Cultivating a culture of empowerment (podcast interview)

Earlier this year, Victoria Downing and Mark Harari interviewed me for the Remodelers Advantage’s PowerTips podcast. Though PowerTips is intended specifically for owners of remodeling businesses, Vic and Mark were gracious enough to let me spend the entirety of the interview discussing leadership philosophy (one of my favorite topics).

Adaptability and the dangers of specialization

If you are a part of an empowered work environment, or seek to cultivate empowerment in your business, I encourage you to check out James Scott’s new book, Two Cheers for Anarchism. It’s an astonishingly (and perhaps unintentionally) relevant business book for people who seek to foster decentralization, freedom, openness, and accountability within their businesses. From the fourth chapter:

…static conditions are the exception rather than the rule. …the larger the repertoire of skills a worker has, and the greater her capacity to add to that repertoire, the more adaptive she is likely to be to an unpredictable task environment and, by extension, the more adaptable an institution composed of such adaptable individuals is likely to be.

When we’re speaking with prospective employees about joining the GuildQuality team, we look for three characteristics: Friendliness, Commitment, and Resourcefulness. Friendliness helps us to get along and makes it easier to provide great service for our clients. A committed team engenders trust. And resourcefulness reinforces and cultivates our organization’s adaptability.

Contrast the organization filled with adaptable people to an organization oriented around specialization (aka Fordism). I’m beginning to think that specialization brings only short-term benefit to organizations and workers, constrains the options of the specialized worker, and hampers the flexibility and nimbleness of the company as a whole. In order to be flexible, the company with specialized workers must either be able to quickly retrain or repurpose employees or they must inevitably fire people en masse. In order to be retrained or repurposed, workers must be open to change and willing to adapt. If a worker has prospered from doing the same thing over and over again for several years, she may find it difficult to change, no matter how much encouragement she receives from her organization. As a result, companies confronted with changing landscapes must fire their specialized workers.
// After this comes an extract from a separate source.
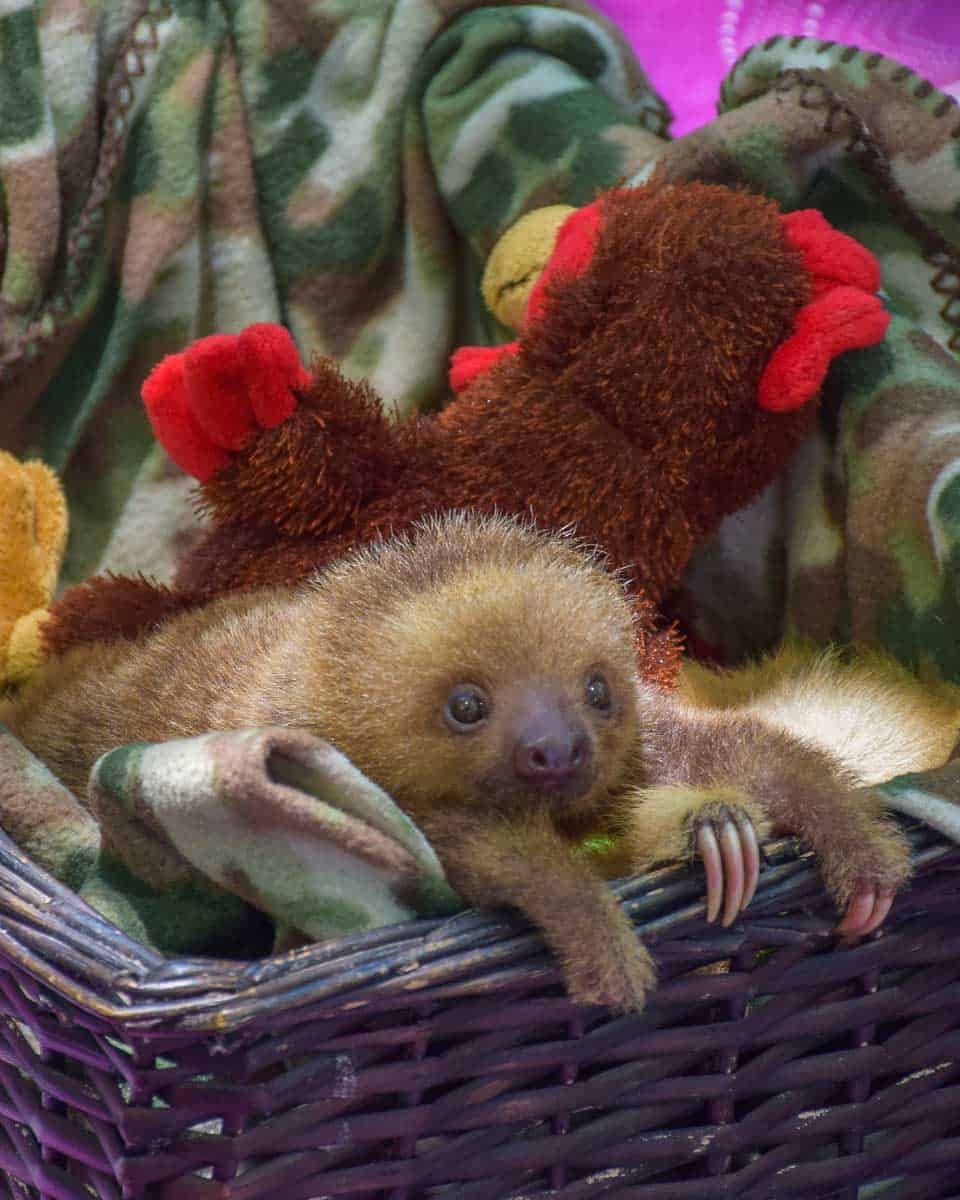 A baby sloth at the Jaguar Rescue Center in Puerto Viejo, Costa Rica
Firing people then makes it harder to hire the people they actually need, which in turn hampers the long-term health of the organization.

In contrast, a worker with broad skills and willingness and interest in cultivating new skills will always be able to make a living and enjoy her work.

An important note: A specialized person is not the same as a person who has specialties. In order to prosper, people need to develop specialties without shedding their adaptability. The Valve employee handbook refers to these people as “T-shaped.” Companies filled with T-shaped workers are more likely to prosper over the long haul while providing each worker a fulfilling environment in which to continue their cultivation of skills.